X_val, y_val = validation_data.iloc[:, 1:], validation_data.iloc[:, 0]

In [None]:
y_train.values

In [None]:
%%time

hyper_parameters = {
    "bootstrap": [True],
    "max_depth": [12, 13],
    "max_features": [13, 14],
    "n_estimators": [100, 150]
}

model = RandomForestClassifier()

grid_search = GridSearchCV(model, hyper_parameters, cv=5, n_jobs=-1)
grid_search.fit(X_train, y_train)
print(grid_search.best_estimator_)

---

## Evaluation
There are many ways to compare the performance of a machine learning model, but let's start by simply comparing actual values to predicted values.  In particular, we evaluate the model using a <b> confusion matrix </b>.   In this case, we're simply predicting whether the customer subscribed to a term deposit (`1`) or not (`0`).

First we'll need to determine how we pass data into and receive data from our endpoint.  Our data is currently stored as NumPy arrays in memory of our notebook instance.  To send it in an HTTP POST request, we'll serialize it as a CSV string and then decode the resulting CSV.

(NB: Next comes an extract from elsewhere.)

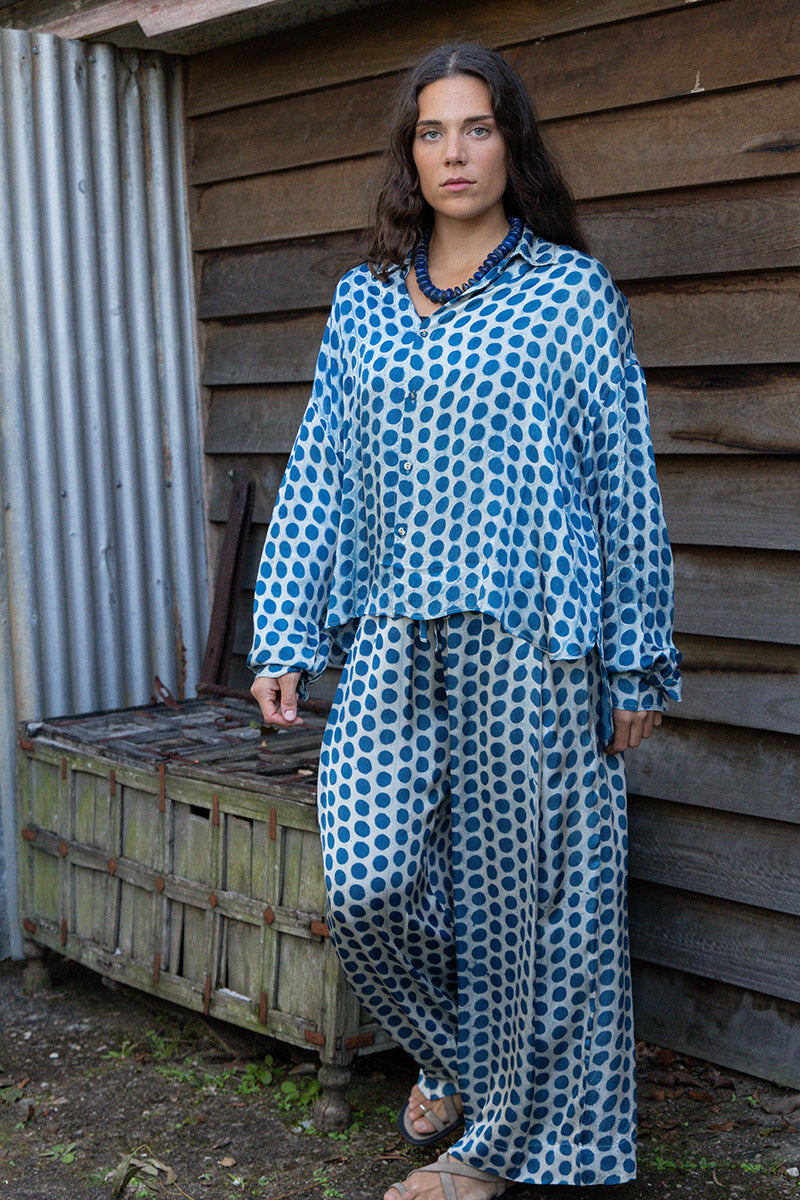 Saanvi Blouse - Indigo Pearl (Satin)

*Note: For inference with CSV format, SageMaker XGBoost requires that the data does NOT include the target variable.*

In [None]:
def evaluate_performance(y_test, y_pred):
    print(pd.crosstab(y_test, y_pred, rownames=['Actual'], colnames=['Predicted']))
    print('====================')
    print("Accuracy : ", "{:.2f}".format(accuracy_score(y_test, y_pred)))
    print("Precision : ", "{:.2f}".format(precision_score(y_test, y_pred)))
    print("Recall : ","{:.2f}".format(recall_score(y_test, y_pred)))
    print("F1 :", "{:.2f}".format(f1_score(y_test, y_pred)))

In [None]:
y_pred = grid_search.predict(X_val)
evaluate_performance(y_val, y_pred)

#### Conclusion
In this workshop we have walked through the process of building, training, tuning and evaluating the model with Random Forest Algorithm.